I agree with Teena - it means (in colloquial english) " the first woman who was given..." But I suggest that "se" here is a passive use and not impersonal. The post/job was given to her.
You could probably write the spanish as "a quien fue dado la cátedra" (passive with Ser).

What do you think?

Regards


----------



## Teena

Wellow said:


> I agree with Teena - it means (in colloquial english) " the first woman who was given..." But I suggest that "se" here is a passive use and not impersonal. The post/job was given to her.
> You could probably write the spanish as "a quien fue dado la cátedra" (passive with Ser).
> 
> What do you think?
> 
> Regards


 
You're right, it is the passive se in this case, sorry. 
"..a quien fue dad*a *la..." perhaps?

- Kristina


----------



## NewdestinyX

dave 12345678 said:


> 3. SE LE DIO:
> 
> A. Is "SE" here being used as the impersonal se. In other words, we don't know who "they" are exactly ? *Yes, sorta.*
> 
> B. Is LE being used here as an indirect object ? i.e. the chair is being "given" TO her ?  *Yes *
> 
> C. Is DIO being used as the third person plural preterit of the verb "dar", "to give" ? *No- dio is 3rd person singular. see below..*
> 
> Dave



Dave -- this is a SE 'passive' with an indirect object. 
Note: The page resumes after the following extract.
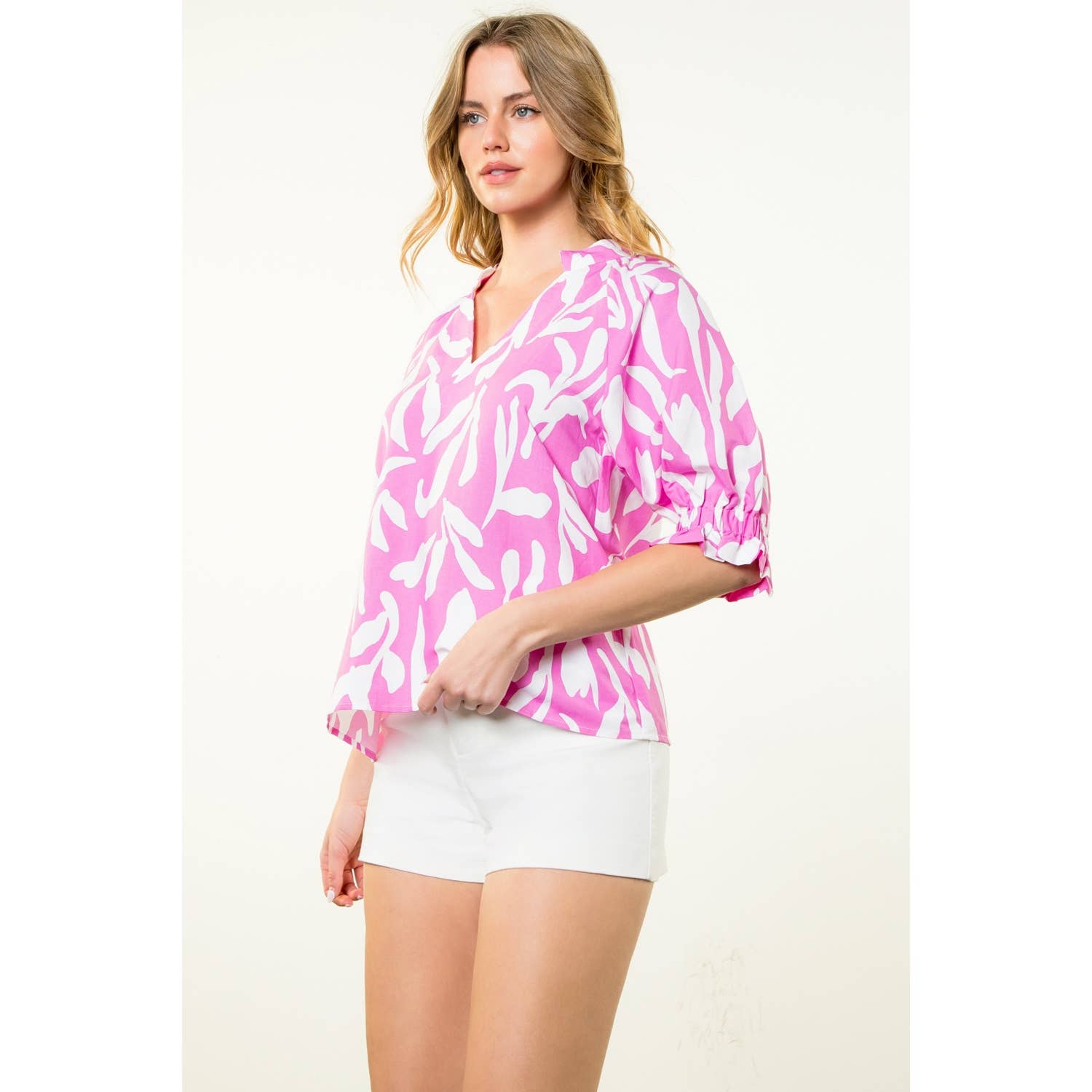 Spring Dream V-Neck Print Top in Pink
Se le dio = It was given to him/her

Due to the flexibility of English's position of the indirect object -- in English you can also say 'He/She was given... But that 'he/she' is not a 'subject' of an active voice.

The way that sentence is in Spanish you could also use 'they' as in your translation. So it can be said 'impersonally' -- but the syntax of the Spanish, as written, is passive.

Grant


----------



## NewdestinyX

In the SE Passive, Dave, the verb changes from singular to plural depending on the 'logical subject' of the passive. (this is not the case is 'impersonal se'.)
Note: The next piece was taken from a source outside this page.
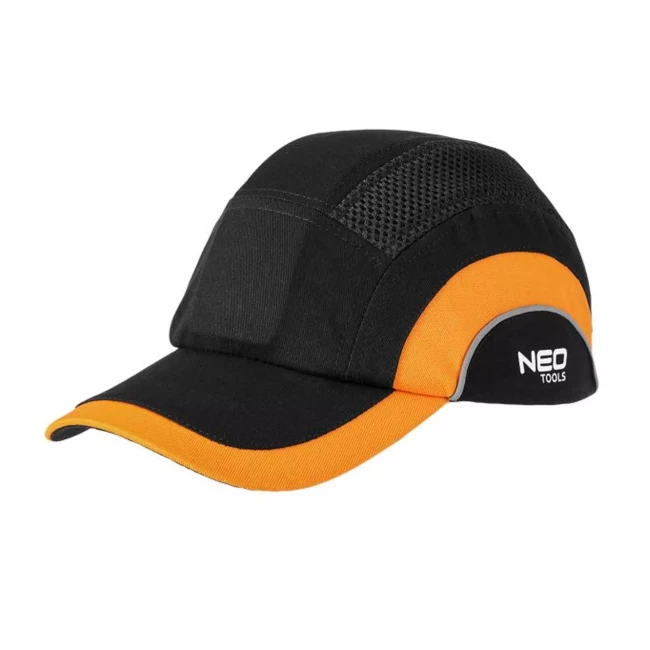 Бейсболка с усилением NEO TOOLS, черно-оранжевая, CE (97-592)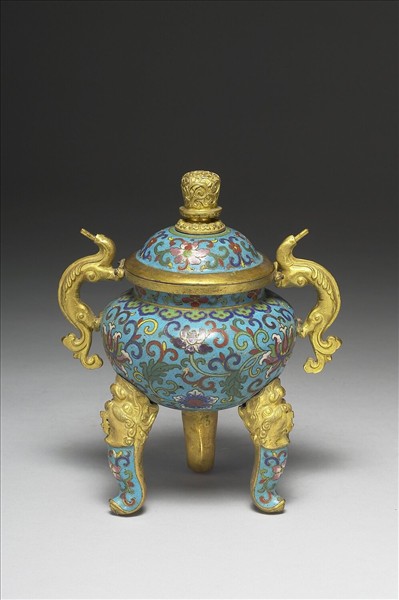 掐絲琺瑯鼎式爐（五供）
Se envió el mensaje. = The message was sent.
Se enviaron los mensajes = The messages were sent.

The SE Passive is used for 'inanimate objects only'. 
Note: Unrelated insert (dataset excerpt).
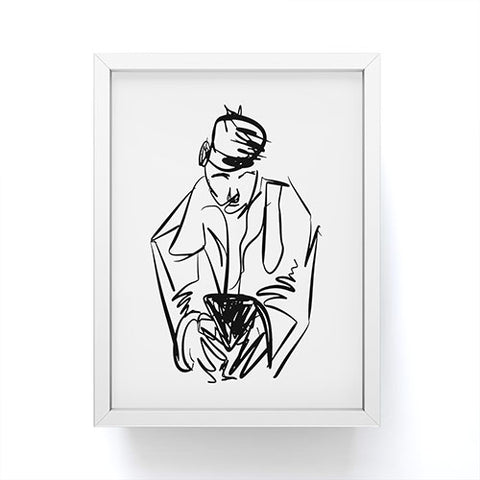 Leeana Benson Man On Phone Framed Mini Art Print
The SE Passive can take an indirect object too (me,te,le,nos,os,les) but the logical subject of the passive is the only thing that could be understood as the 'direct object'. The 'actor' of the action is 'unknown' in the SE Passive which is why your 'impersonal 'they' worked in your translation.

Remember what i told you in the other thread too.. When and indirect object, 'a + el/ella/quien, etc' is named before the verb a redundant IO pronoun must appear with the verb. That's why - *a quien* se *le* dio....

Grant


----------



## neal41

dave 12345678 said:


> It contains the following sentence:
> 
> "La condesa de Pardo Bazán alcanzó el honor de ser la primera mujer a quien SE LE DIO una cátedra en la Universidad Central"
> 
> 1. Does this mean "The countess of Pardo Bazán "reached" the honor of being the first woman to whom "they" gave a chair at the Central University". ?
> 
> 2. Is "reached" appropriate in this context or does it mean something else ?
> 
> 3. SE LE DIO:
> 
> A. Is "SE" here being used as the impersonal se. In other words, we don't know who "they" are exactly ?
> 
> B. Is LE being used here as an indirect object ? i.e. the chair is being "given" TO her ?
> 
> C. Is DIO being used as the third person plural preterit of the verb "dar", "to give" ?


'to attain' and 'to reach' have similar meanings.

The answer to B and C is yes. Butt and Benjamin (_A New Reference Grammar of Modern Spanish_) would say that 'se' is passive 'se'. The chair was given. The construction with 'they' where we don't know who 'they' is is equivalent in meaning to passive voice.


----------



## Wellow

Teena said:


> You're right, it is the passive se in this case, sorry.
> "..a quien fue dad*a *la..." perhaps?
> 
> - Kristina


 
Gracias Kristina, tienes razón. Que el objeto/puesto (la cátedra) dado es femenino. No porque la persona a quien fue dado el objecto/puesto es femenina. 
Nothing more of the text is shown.